Omit the pictures and reproduce the rest of the listing exactly.

*** Opening of Material shown ***

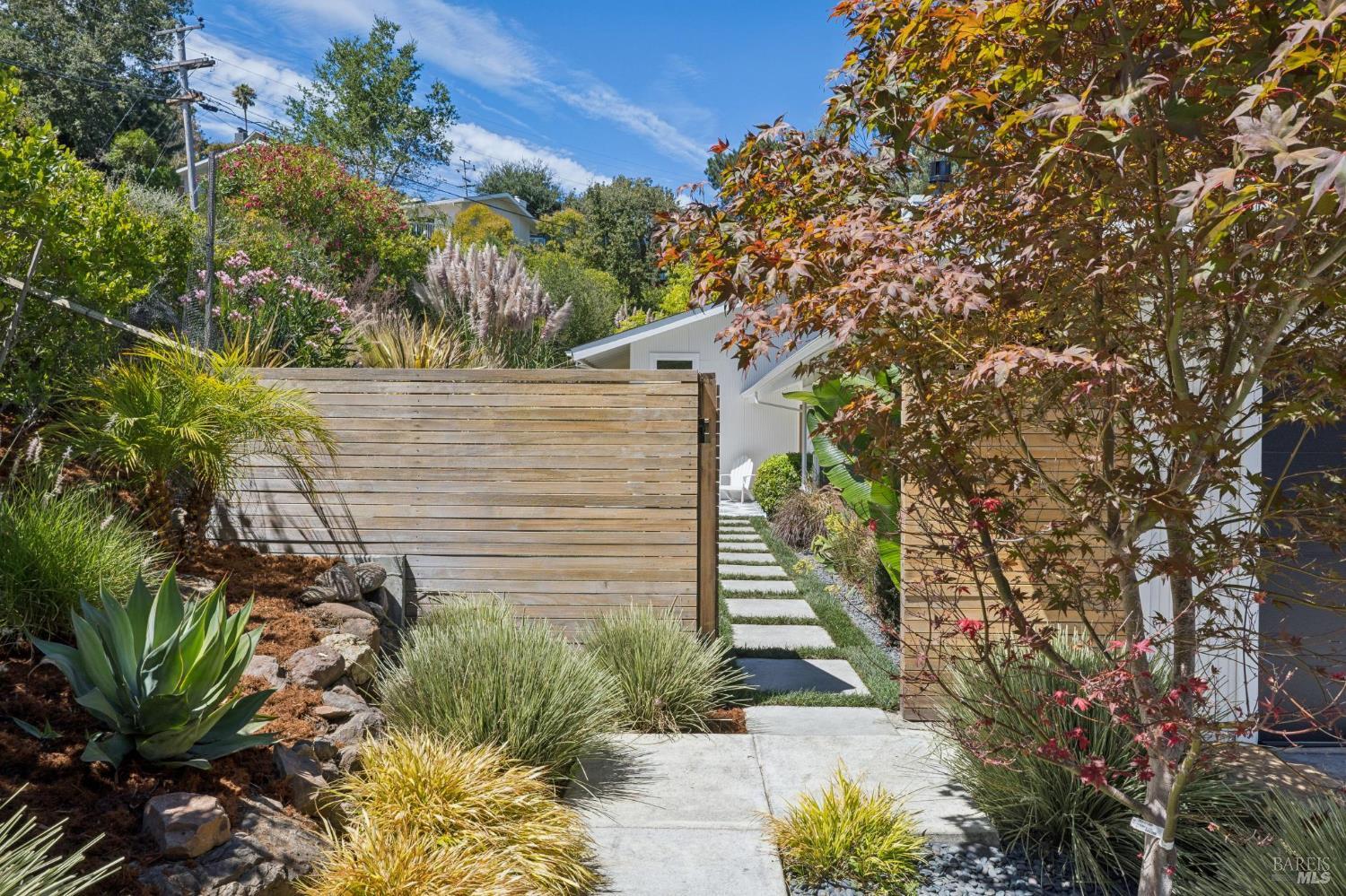 12 Longwood Drive San Rafael CA 94901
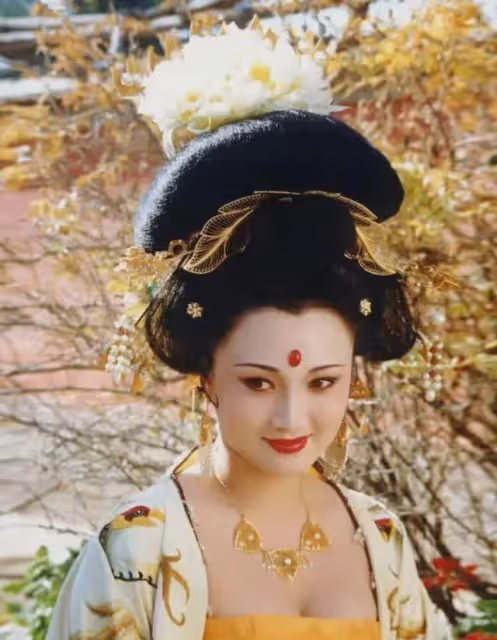 80年代「第一美女」,因太美被人算計,丈夫寫632封情書追到手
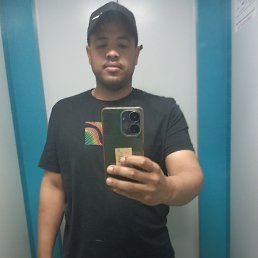 Gabriel, 28, 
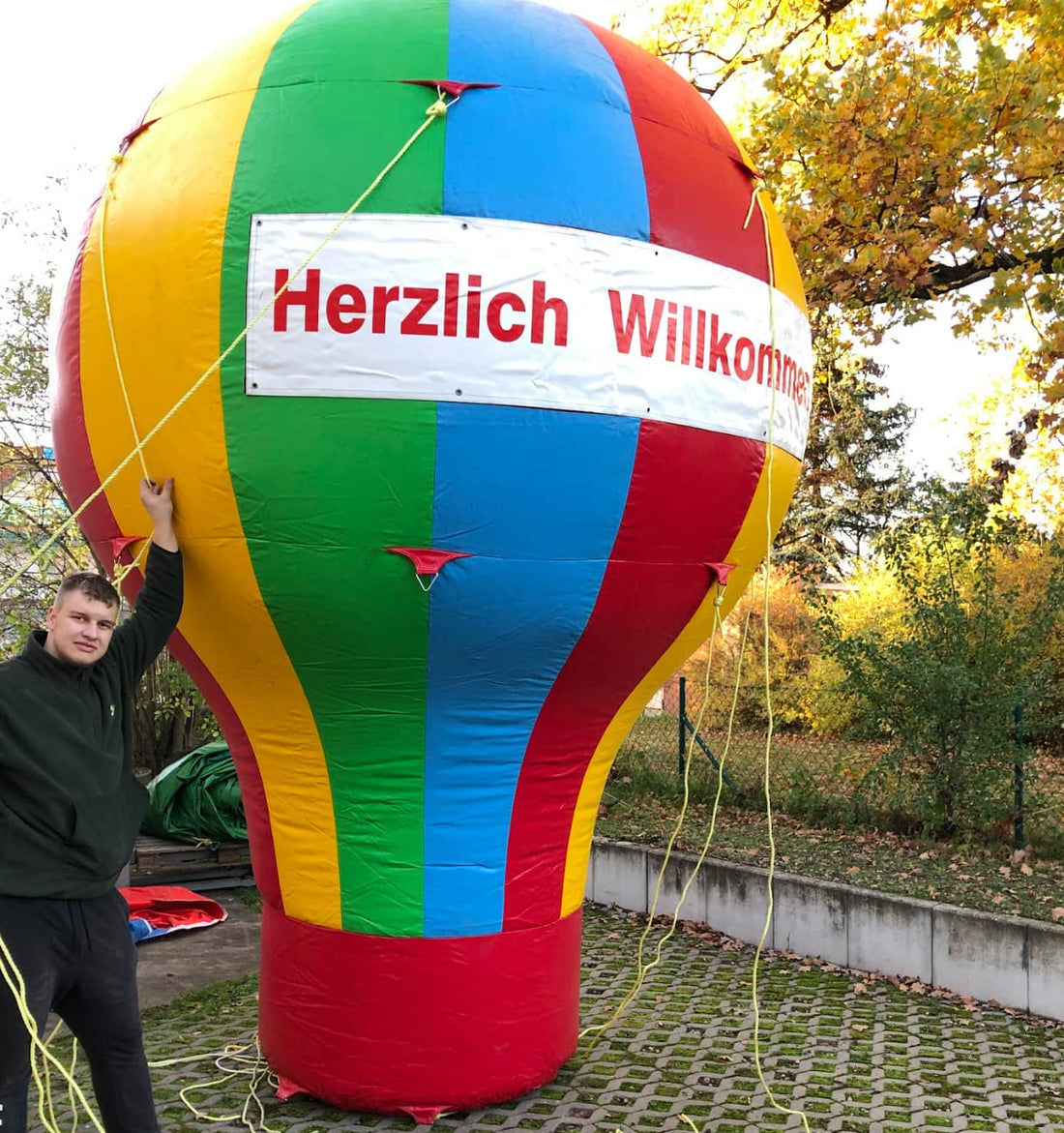 Werbeballon mit schriftzug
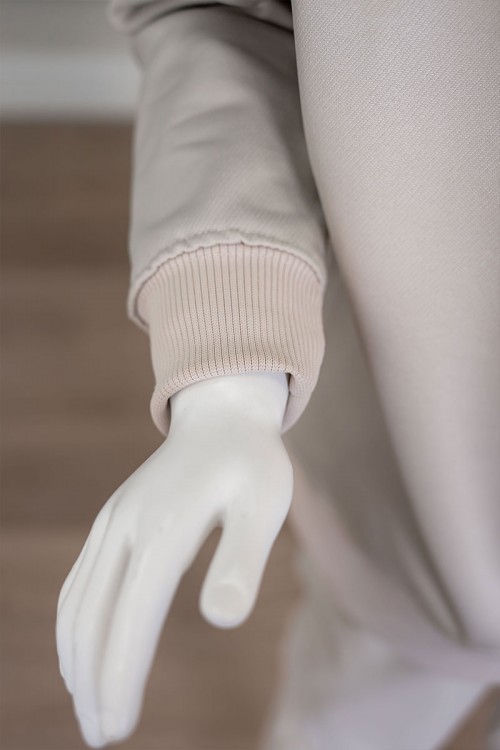 طقم بناتي شتوي قطعتين لون بيج هودي بقبعة متصلة و بأكمام طويلة مزين بطبعة قلوب مع بنطلون طويل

*** Close of Material shown ***

◆ **Solution for this exercise**
 12 Longwood Drive San Rafael CA 94901
 80年代「第一美女」,因太美被人算計,丈夫寫632封情書追到手
 Gabriel, 28, 
 Werbeballon mit schriftzug
 طقم بناتي شتوي قطعتين لون بيج هودي بقبعة متصلة و بأكمام طويلة مزين بطبعة قلوب مع بنطلون طويل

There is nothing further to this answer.